Actual City name in 19148
PHILADELPHIA, PA
Acceptable City names in 19148
PHILA, PA
Not Acceptable
PASSYUNK, PA


By harvesting these information from USPS, you can build a map of alternative city name -> actual city name, then using this map it takes one lookup to resolve a city alias to the actual city. I needed these data but USPS does not have them available for download. So I wrote a little script that basically executes 'curl http://zip4.usps.com/zip4/zcl_3_results.jsp?zip5=$code' for every zip and extracted the information from the return html.

I put the data up at http://drop.io/cityalias, feel free to download it if you are also interested in these data. The data is in the following format:

$zip $actual_city $actual_state $pipe_delimited_alternative_cities
19113 PHILADELPHIA, PA=PHILA, PA|LESTER, PA


Now I need to build the city alias map. The map will need to be a map of
{ state -> map of
{city alias -> actual city} }
as such:

PA -> {
PHILA -> PHILADELPHIA
LESTER -> PHILADELPHIA
...
},
NY -> {
MANHATTAN -> NEW YORK
NYC -> NEW YORK
...
},
(other states...)



The data set is not very large so I wanted to put the entire map in memory for fast lookups. However, since Java will create a new string for each key and value in the map and also because they are man repeated values, it will be very wasteful space wise to simply throw everything in a hash map as is.

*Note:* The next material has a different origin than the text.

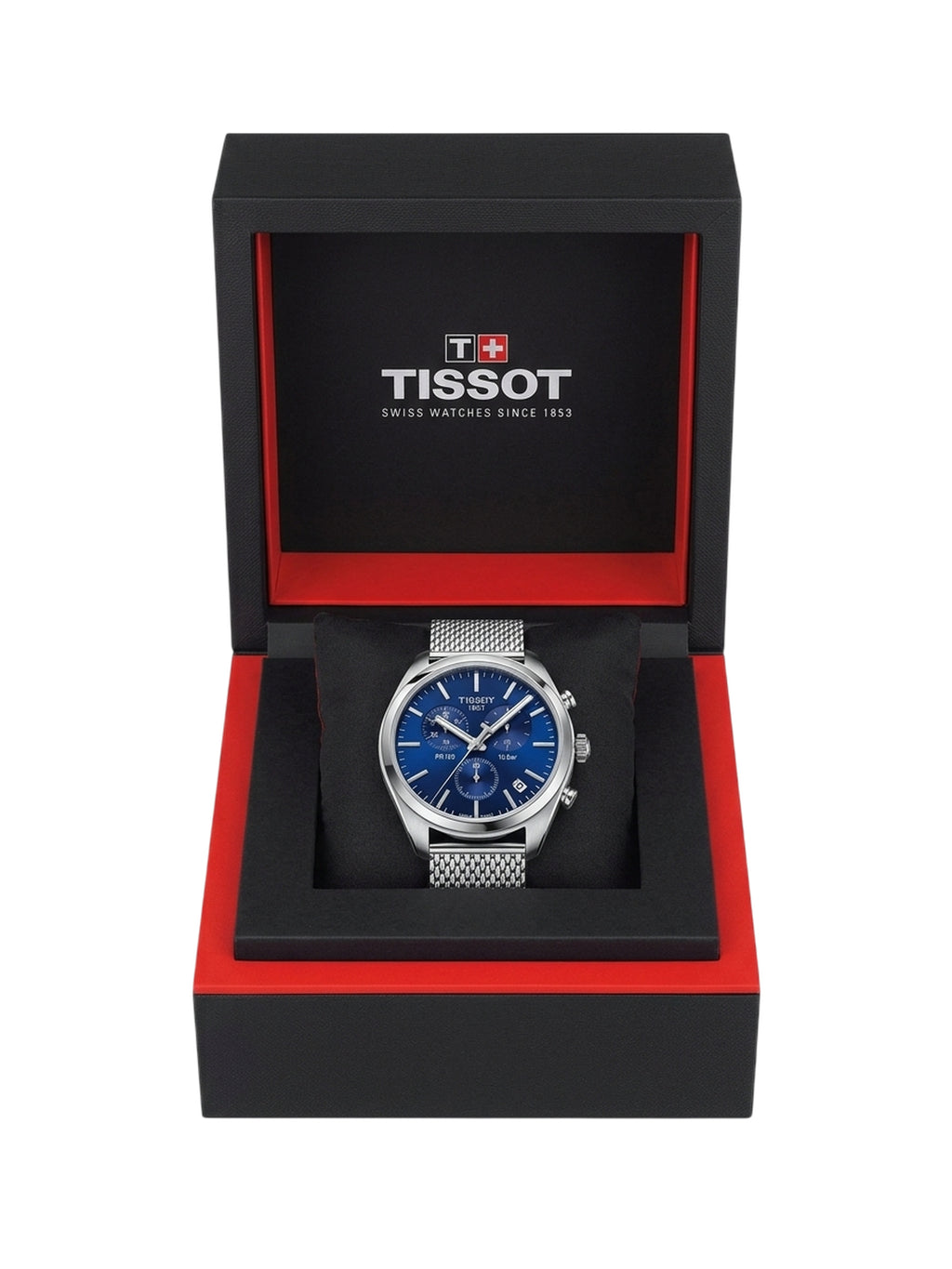 T101.417.11.041.00 Tissot PR 100 Chronograph Herrenuhr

To reduce memory consumption of dictionary data structure, people usually use a trie to compress the data in tree-like form. The city alias data set is pretty small (about 1MB in raw) so I think using a trie would be an overkill.

There's another quick and easy way to reduce the memory footprint which happened to work very well for my case. That is to just first intern the key and values strings before putting them in the hash map. The same string will be interned to the same memory location therefore the map uses the same amount of memory no matter how many instances of 'PHILADELPHIA' we need to put in the map.

I ran a quick profiling session just to see how big is the difference, here's the result for the city alias dataset:

with interning - 450KB
without interning - 1.55MB